Brief » Your task is to repeat the entries exactly. Leave the pictures out.

===== Material for this exercise =====

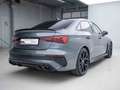 Audi RS3 2.5 TFSI*MATRIX*B&O*HUD*ASG*CARB* Grau - thumbnail 8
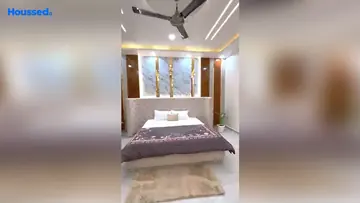 Project Image of 4 BHK House/Villa for Resale in Vaishali Nagar, Jaipur - Image 83869
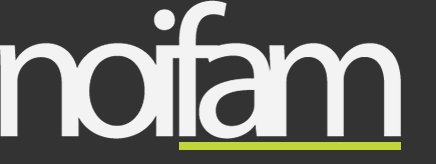 noifam.com.br - website oficial - noifam@noifam.com.br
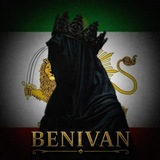 Telegram profile photo for OPEN BENIX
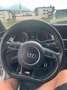 Audi A5 A5 SB 2,0 TDI DPF Aut. Schwarz - thumbnail 10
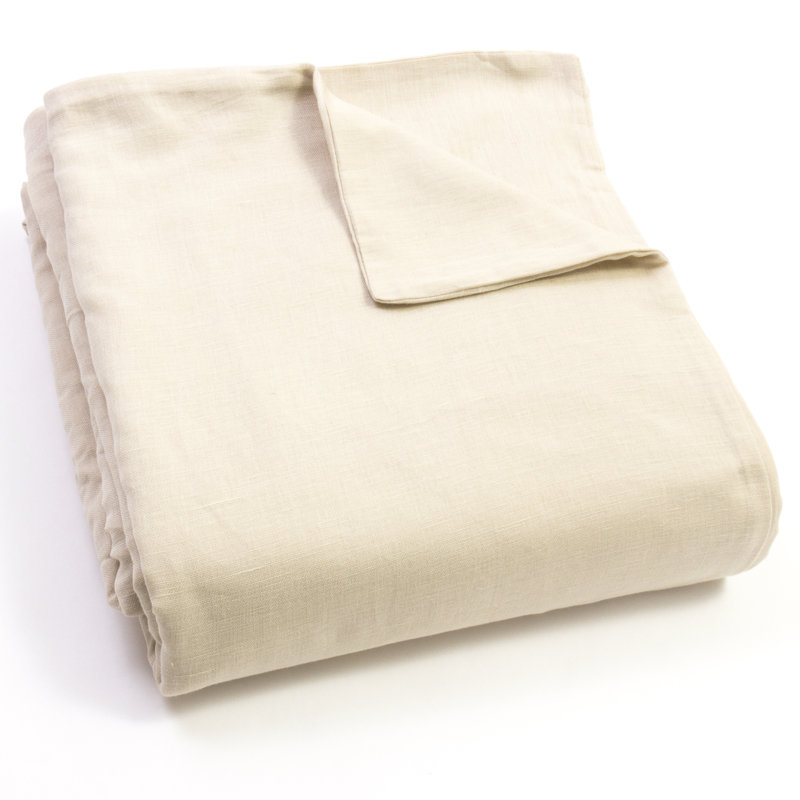 Collin Duvet Cover, King Duvet Cover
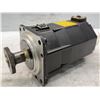Image 2 : Fanuc #A06B-0162-B175#0006 AC Servo Motor w/#A860-0360-V501 Pulsecoder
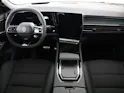 Renault Espace 1.2 E-Tech esprit Alpine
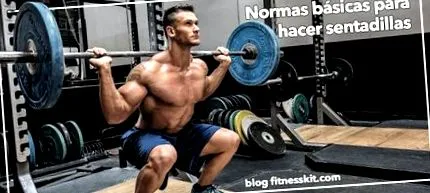 правете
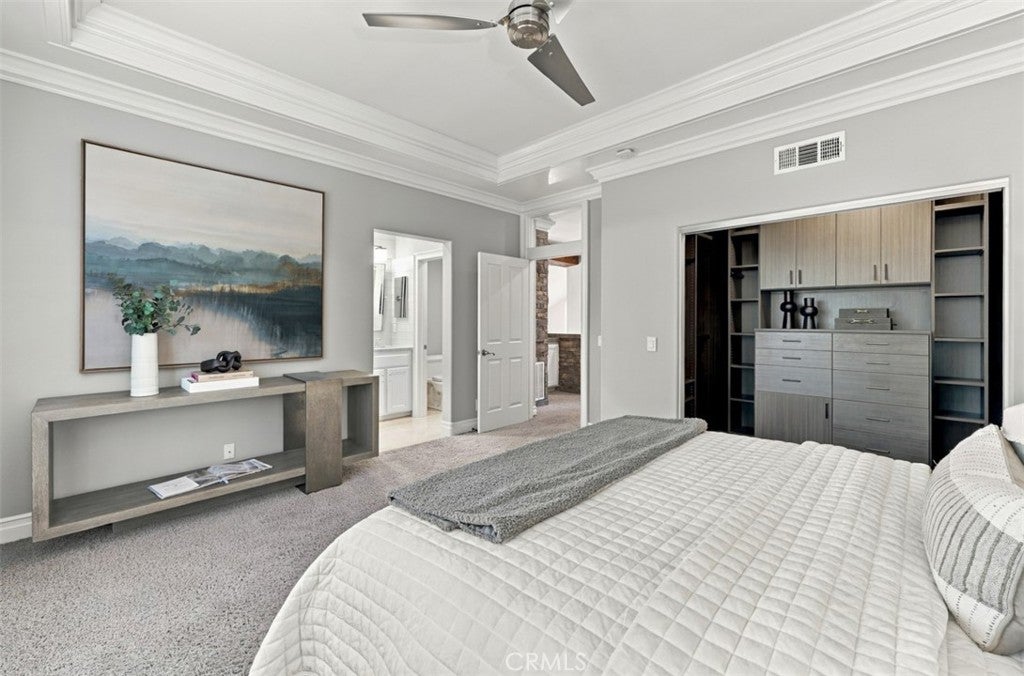 62 Lessay, Newport Coast CA 92657 - Photo 15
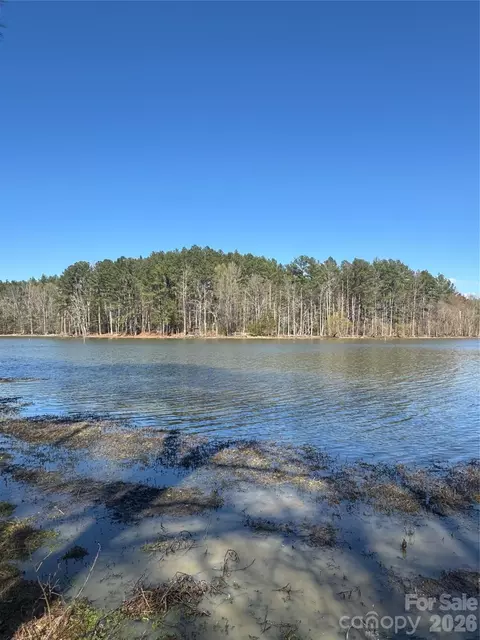 1802 Goings Rd, Chester, SC 29706 photo 13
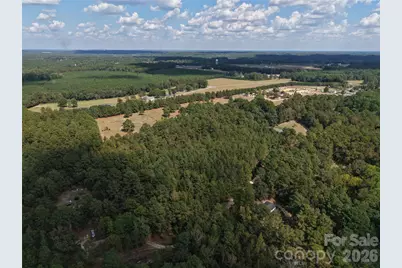 00-00 Deer Trail #LOT 39, Raeford Township, NC 28376 - Photo 8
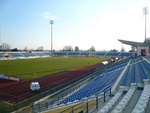 Emil Alexandrescu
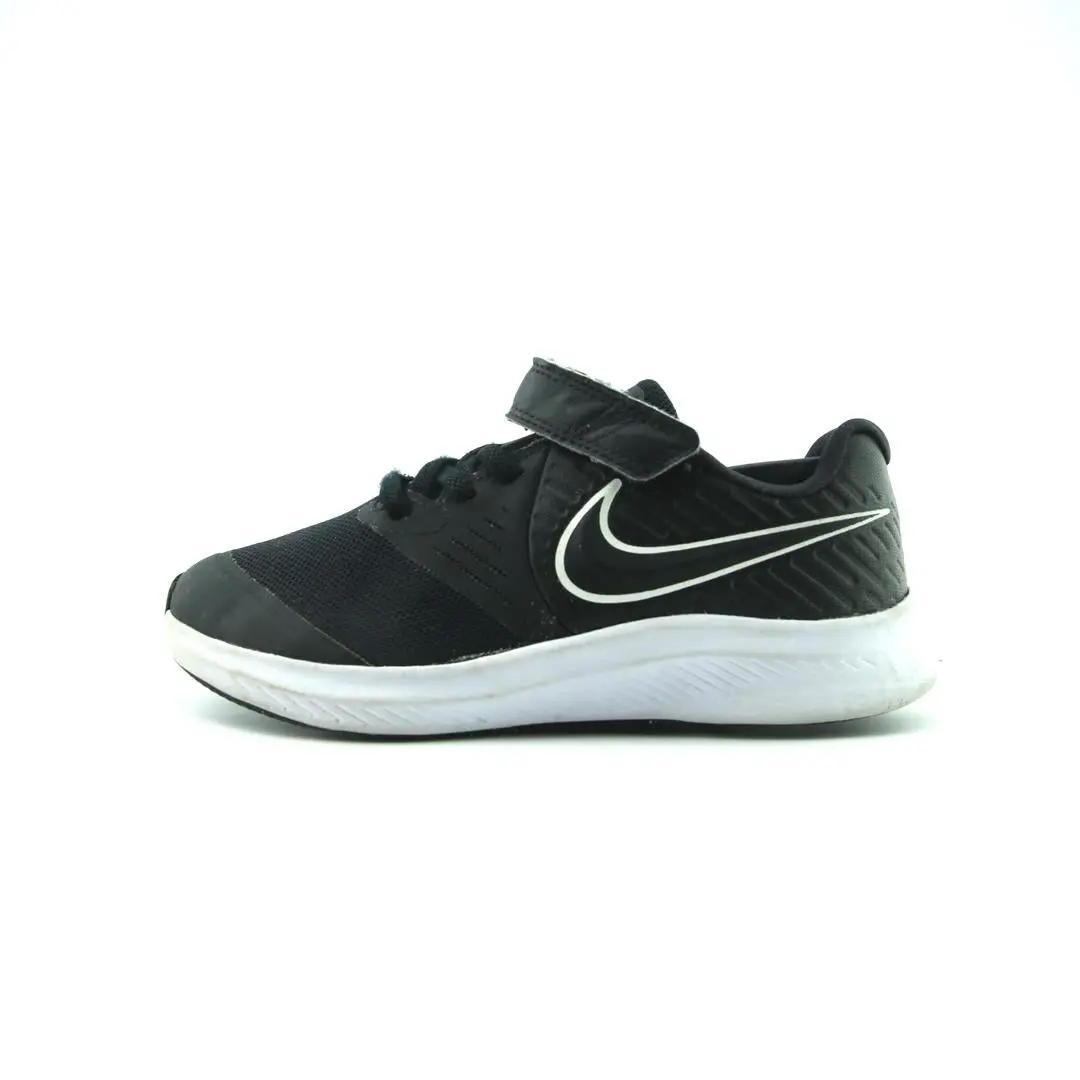 Nike Star Runner 2 1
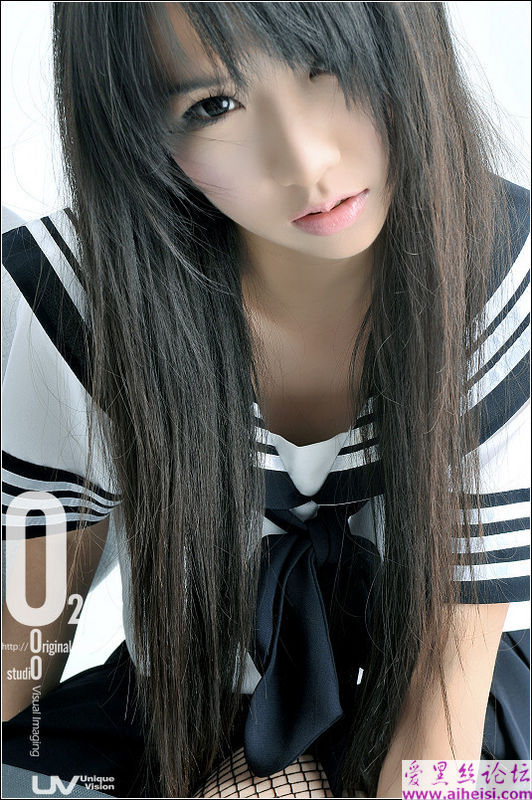 待嫁小新娘
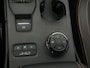 Ford Ranger Wildtrak Dubbel Cabine Plug-in Hybride Raptor Edition | Bullbar | Black Pack | LED | 5 pers. | Uniek!
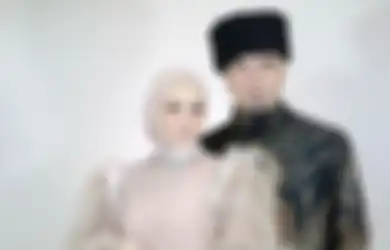 Bikin Mulan Jameela Jejeritan di Ranjang, Ahmad Dhani Ingin Lakukan Hal Tak Terduga Ini di Kamar hingga Bikin Istri Ketakutan: Padahal Kan Aku Pengen...
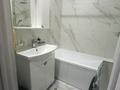 2-бөлмелі пәтер · 68.4 м² · 5/9 қабат, Самал 70/3, бағасы: 28.5 млн ₸ в Уральске — фото 13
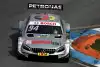 Bild zum Inhalt: Wehrleins DTM-Test-Comeback: "Keinen großen Unterschied gespürt"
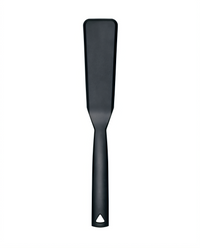 Louis Tellier US 791391501 Triangle Spatula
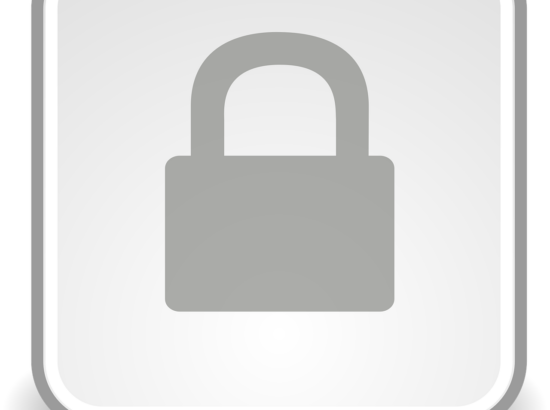 Securing the ‘Third Place’ Office: Policy Guidelines for Employees Working from Coffee Shops and Coworking Spaces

=====

Response area »
 Audi RS3 2.5 TFSI*MATRIX*B&O*HUD*ASG*CARB* Grau - thumbnail 8
 Project Image of 4 BHK House/Villa for Resale in Vaishali Nagar, Jaipur - Image 83869
 noifam.com.br - website oficial - noifam@noifam.com.br
 Telegram profile photo for OPEN BENIX
 Audi A5 A5 SB 2,0 TDI DPF Aut. Schwarz - thumbnail 10
 Collin Duvet Cover, King Duvet Cover
Image 2 : Fanuc #A06B-0162-B175#0006 AC Servo Motor w/#A860-0360-V501 Pulsecoder
 Renault Espace 1.2 E-Tech esprit Alpine
 правете
 62 Lessay, Newport Coast CA 92657 - Photo 15
 1802 Goings Rd, Chester, SC 29706 photo 13
 00-00 Deer Trail #LOT 39, Raeford Township, NC 28376 - Photo 8
 Emil Alexandrescu
 Nike Star Runner 2 1
 待嫁小新娘
 Ford Ranger Wildtrak Dubbel Cabine Plug-in Hybride Raptor Edition | Bullbar | Black Pack | LED | 5 pers. | Uniek!
 Bikin Mulan Jameela Jejeritan di Ranjang, Ahmad Dhani Ingin Lakukan Hal Tak Terduga Ini di Kamar hingga Bikin Istri Ketakutan: Padahal Kan Aku Pengen...
 2-бөлмелі пәтер · 68.4 м² · 5/9 қабат, Самал 70/3, бағасы: 28.5 млн ₸ в Уральске — фото 13
 Bild zum Inhalt: Wehrleins DTM-Test-Comeback: "Keinen großen Unterschied gespürt"
 Louis Tellier US 791391501 Triangle Spatula
 Securing the ‘Third Place’ Office: Policy Guidelines for Employees Working from Coffee Shops and Coworking Spaces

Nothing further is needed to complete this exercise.